The fastest way to get started is using the CLI to scaffold a project.

1. Create a New Project

The easiest way to start is using the generator.

# Standard Setup (Recommended) - Full Project Tracker Demo
npm create @objectql@latest my-app -- --template starter
 
# Minimal Setup - Single File
npm create @objectql@latest my-app -- --template hello-world

This will create a new project with all necessary dependencies.

To treat your metadata like code (with validation and autocomplete), install the Standard ObjectStack AI Extension.

  1. Open Visual Studio Code.
  2. Go to the Extensions view (Cmd+Shift+X).
  3. Search for ObjectQL and install.
  4. Alternatively, when you open the created project, VS Code will prompt you to install recommended extensions.

Why? The extension understands your *.object.yml files, validating field types and relationships in real-time, just like TypeScript.

3. Define the Protocol (Your Meta-Schema)

Instead of passing objects to a constructor, we define them in YAML. This is the "AI-Native" way—separate the Instruction (YAML) from the Execution (Runtime).

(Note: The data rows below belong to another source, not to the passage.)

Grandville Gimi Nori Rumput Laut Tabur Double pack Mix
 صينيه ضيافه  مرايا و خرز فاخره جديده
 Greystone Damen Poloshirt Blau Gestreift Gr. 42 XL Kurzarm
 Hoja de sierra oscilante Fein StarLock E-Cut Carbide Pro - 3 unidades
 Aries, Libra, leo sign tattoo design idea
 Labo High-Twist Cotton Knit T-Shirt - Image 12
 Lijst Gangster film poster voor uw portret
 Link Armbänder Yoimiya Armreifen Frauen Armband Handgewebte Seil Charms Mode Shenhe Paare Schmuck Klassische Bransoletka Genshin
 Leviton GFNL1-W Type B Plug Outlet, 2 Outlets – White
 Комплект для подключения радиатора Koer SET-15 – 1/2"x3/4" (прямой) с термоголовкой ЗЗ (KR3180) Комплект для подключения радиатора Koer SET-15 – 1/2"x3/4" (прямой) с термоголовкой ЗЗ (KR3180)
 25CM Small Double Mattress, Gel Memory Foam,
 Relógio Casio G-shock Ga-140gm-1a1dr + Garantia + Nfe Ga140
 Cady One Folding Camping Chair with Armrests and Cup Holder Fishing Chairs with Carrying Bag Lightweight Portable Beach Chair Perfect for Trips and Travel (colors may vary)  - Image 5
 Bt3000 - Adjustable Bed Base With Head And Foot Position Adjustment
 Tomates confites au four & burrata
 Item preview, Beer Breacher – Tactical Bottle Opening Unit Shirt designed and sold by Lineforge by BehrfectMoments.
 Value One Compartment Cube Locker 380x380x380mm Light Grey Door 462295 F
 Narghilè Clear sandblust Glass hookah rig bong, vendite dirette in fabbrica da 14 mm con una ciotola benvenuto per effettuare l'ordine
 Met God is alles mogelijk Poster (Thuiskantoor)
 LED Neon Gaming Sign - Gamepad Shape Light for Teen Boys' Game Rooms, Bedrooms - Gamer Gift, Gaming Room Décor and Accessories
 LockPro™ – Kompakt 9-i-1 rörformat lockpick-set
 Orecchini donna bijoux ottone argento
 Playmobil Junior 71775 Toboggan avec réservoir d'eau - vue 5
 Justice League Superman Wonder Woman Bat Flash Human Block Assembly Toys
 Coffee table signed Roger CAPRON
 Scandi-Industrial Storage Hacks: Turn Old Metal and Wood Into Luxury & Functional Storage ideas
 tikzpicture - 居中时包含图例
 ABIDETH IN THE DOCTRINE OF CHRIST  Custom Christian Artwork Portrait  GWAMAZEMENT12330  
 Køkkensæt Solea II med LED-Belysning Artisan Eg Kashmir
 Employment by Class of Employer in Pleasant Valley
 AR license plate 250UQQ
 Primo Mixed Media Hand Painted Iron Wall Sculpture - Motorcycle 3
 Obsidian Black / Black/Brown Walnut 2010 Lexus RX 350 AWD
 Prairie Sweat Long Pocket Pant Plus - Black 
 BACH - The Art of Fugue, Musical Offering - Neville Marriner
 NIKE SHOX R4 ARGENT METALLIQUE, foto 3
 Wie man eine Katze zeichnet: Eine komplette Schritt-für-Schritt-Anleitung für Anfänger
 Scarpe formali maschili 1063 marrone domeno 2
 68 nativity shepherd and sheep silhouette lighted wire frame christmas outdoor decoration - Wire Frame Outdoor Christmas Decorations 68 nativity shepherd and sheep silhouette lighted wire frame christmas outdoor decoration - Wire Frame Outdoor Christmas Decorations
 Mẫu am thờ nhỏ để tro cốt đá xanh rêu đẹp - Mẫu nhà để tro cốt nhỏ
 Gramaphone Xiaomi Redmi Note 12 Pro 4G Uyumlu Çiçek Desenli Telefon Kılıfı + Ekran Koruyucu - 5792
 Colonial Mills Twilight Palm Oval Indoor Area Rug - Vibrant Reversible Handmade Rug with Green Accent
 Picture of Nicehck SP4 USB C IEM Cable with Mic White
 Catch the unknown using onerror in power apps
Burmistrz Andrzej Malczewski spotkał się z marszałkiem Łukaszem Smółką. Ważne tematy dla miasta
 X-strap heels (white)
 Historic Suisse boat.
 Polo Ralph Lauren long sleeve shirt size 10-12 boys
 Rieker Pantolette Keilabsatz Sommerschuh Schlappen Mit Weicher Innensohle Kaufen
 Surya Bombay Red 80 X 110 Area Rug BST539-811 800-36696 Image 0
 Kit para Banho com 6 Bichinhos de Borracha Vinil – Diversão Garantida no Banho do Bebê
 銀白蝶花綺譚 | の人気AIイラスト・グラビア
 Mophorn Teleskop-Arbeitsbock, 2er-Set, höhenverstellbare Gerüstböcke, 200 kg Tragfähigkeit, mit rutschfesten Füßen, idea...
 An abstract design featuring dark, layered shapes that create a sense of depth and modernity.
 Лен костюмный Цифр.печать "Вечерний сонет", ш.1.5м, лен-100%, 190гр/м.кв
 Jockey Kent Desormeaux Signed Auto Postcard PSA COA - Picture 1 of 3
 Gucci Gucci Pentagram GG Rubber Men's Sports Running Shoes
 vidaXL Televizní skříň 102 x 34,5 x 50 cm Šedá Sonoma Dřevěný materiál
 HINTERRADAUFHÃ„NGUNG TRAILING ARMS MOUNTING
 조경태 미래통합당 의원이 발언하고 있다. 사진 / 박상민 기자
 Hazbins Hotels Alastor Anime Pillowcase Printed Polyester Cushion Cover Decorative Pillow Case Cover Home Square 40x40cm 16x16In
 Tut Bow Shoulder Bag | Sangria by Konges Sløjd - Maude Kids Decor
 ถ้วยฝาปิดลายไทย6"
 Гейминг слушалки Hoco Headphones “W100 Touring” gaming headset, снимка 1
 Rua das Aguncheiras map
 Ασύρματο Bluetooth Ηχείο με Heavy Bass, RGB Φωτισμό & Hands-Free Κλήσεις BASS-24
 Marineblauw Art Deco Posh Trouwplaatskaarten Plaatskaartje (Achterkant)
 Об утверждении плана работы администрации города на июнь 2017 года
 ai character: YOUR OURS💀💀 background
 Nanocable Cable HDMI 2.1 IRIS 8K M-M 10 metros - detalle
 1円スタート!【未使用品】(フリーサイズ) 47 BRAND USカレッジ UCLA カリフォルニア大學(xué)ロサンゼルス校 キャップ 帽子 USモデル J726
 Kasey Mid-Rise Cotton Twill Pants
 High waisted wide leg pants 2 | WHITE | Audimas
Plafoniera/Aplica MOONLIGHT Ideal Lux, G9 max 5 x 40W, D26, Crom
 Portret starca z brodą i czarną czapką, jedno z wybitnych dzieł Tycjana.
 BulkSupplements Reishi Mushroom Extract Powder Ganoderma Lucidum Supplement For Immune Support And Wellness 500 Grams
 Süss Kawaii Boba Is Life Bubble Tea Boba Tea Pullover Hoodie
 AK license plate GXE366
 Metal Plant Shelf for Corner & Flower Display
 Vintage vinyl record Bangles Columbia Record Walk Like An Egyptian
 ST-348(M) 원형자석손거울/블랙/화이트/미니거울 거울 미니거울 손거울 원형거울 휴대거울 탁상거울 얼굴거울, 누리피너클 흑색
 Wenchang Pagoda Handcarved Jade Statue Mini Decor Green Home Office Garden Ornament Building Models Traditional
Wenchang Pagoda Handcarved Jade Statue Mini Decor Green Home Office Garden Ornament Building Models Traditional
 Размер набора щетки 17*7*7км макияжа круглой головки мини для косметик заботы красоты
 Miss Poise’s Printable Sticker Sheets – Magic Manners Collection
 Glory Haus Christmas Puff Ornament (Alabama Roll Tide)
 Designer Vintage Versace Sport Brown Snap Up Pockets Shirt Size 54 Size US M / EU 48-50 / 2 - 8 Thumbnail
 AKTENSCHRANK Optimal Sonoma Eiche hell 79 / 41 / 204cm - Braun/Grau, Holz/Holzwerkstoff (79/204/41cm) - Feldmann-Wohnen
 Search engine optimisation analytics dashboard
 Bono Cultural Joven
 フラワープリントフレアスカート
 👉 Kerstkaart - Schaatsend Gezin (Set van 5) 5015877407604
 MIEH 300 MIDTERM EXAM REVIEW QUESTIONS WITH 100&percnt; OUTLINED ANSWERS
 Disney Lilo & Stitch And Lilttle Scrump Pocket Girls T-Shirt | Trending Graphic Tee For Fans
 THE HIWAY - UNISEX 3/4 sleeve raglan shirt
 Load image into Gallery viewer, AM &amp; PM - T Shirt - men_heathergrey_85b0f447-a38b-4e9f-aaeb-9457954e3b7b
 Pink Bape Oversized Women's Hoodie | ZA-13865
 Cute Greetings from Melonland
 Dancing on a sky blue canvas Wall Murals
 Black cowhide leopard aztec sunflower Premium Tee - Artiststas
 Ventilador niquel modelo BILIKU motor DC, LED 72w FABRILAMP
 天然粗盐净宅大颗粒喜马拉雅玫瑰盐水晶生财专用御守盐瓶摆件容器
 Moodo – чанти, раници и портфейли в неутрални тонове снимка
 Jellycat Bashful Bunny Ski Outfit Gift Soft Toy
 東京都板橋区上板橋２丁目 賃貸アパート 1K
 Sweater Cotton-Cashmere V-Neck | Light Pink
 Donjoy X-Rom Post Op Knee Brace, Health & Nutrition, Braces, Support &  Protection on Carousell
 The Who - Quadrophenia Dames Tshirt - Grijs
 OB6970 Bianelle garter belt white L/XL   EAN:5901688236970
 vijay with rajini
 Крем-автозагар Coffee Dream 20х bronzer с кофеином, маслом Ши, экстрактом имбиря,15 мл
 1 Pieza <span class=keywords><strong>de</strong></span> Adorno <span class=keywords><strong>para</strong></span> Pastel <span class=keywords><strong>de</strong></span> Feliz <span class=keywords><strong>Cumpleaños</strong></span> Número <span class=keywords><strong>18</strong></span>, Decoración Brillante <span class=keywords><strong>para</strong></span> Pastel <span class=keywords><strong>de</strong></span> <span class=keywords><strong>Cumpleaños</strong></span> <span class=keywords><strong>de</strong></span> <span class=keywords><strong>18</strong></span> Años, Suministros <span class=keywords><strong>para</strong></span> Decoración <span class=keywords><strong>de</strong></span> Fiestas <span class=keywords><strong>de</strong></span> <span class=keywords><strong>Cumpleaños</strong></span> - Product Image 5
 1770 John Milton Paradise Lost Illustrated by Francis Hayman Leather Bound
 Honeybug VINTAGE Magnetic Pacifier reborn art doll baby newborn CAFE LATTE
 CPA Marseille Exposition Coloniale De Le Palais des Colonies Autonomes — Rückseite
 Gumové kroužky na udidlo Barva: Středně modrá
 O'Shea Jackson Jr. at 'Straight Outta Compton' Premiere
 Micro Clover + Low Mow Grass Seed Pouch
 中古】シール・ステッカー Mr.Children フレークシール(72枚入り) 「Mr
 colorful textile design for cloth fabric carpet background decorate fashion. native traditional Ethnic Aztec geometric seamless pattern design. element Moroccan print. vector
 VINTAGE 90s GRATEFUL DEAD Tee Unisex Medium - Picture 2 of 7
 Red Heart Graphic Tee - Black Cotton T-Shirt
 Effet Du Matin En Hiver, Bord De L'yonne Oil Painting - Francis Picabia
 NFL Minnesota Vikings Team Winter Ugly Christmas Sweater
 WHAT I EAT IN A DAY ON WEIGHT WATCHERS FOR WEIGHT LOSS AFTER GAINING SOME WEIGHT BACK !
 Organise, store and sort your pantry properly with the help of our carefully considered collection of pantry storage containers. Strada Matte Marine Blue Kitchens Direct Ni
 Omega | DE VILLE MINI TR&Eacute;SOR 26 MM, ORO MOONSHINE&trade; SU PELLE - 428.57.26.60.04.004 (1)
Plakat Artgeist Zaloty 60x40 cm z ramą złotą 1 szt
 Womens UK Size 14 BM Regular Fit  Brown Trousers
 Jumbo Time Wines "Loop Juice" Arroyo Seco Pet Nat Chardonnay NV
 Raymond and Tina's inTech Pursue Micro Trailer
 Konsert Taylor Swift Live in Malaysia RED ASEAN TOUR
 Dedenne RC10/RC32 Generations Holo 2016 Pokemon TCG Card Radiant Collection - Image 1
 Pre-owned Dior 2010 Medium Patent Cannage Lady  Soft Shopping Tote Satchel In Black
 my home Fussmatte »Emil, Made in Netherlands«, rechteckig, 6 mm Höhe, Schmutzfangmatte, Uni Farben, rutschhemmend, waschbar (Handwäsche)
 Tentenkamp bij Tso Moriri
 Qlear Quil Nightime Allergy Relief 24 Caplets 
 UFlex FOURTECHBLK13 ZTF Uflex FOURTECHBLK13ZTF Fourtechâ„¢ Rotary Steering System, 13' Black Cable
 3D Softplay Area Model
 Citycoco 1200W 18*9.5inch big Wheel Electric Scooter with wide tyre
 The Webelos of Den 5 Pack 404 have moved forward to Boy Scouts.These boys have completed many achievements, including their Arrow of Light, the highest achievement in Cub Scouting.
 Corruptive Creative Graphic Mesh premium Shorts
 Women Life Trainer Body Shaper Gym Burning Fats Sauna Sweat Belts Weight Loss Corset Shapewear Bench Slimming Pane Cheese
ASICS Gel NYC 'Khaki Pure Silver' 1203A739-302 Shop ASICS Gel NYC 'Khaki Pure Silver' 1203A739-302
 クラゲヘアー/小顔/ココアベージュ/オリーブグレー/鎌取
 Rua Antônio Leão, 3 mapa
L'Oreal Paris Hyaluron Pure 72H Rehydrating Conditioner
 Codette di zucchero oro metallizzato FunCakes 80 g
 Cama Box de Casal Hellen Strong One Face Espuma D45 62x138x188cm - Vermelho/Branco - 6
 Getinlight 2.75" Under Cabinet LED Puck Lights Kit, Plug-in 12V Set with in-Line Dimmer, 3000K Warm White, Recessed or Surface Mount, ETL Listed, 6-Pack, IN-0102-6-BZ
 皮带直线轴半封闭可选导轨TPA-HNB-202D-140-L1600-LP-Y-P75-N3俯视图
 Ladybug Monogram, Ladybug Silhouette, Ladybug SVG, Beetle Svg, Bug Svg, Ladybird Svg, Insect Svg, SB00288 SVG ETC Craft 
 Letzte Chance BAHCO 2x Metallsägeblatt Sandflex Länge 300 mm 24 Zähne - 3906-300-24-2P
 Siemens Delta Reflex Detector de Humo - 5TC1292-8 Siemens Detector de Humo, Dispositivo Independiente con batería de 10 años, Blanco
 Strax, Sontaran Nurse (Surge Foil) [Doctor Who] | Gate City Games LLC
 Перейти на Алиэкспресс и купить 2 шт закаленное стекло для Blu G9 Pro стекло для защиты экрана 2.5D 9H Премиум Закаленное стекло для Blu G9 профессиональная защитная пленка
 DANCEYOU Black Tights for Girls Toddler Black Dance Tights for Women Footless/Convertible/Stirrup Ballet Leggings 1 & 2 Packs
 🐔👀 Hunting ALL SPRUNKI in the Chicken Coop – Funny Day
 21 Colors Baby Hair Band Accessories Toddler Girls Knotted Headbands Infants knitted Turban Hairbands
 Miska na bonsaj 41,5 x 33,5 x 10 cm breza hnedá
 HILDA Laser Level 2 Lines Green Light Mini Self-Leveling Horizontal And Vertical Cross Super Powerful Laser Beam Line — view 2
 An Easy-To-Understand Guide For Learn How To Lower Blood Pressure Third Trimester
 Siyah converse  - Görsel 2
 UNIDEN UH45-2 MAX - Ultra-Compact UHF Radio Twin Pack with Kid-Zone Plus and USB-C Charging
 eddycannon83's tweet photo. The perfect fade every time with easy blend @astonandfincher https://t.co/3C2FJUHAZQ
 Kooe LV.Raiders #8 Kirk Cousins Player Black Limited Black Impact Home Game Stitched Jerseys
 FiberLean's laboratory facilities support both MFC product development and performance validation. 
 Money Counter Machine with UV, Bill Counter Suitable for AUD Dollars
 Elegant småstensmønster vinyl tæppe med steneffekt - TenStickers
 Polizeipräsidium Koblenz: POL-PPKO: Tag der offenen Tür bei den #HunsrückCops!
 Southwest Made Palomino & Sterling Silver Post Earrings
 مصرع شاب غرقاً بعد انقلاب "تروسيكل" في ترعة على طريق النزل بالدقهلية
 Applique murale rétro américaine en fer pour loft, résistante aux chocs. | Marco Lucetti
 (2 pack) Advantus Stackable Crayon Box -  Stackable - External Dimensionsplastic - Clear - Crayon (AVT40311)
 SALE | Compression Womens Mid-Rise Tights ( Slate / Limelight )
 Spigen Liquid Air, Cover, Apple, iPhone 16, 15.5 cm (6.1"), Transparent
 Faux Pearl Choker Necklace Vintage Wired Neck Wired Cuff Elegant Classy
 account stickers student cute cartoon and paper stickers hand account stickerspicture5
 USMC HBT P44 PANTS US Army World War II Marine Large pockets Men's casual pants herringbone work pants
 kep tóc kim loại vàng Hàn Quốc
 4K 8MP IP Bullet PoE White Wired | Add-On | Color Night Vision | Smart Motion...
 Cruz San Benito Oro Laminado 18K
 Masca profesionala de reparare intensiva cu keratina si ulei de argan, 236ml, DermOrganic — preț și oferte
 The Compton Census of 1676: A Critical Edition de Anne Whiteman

Create a file src/objects/todo.object.yml:

name: todo
label: Task
fields:
  title: 
    type: text
    required: true
    searchable: true
  completed: 
    type: boolean
    default: false
  priority:
    type: select
    options: [low, medium, high]
    default: medium

4. Run the Project

npm run dev

ObjectQL will detect the new file, generate the necessary database tables (in SQLite by default), and start the server.

5. Manual Setup (Programmatic API)

If you are integrating ObjectQL into an existing specialized backend (like a Lambda function or a custom script), you can use the Programmatic API.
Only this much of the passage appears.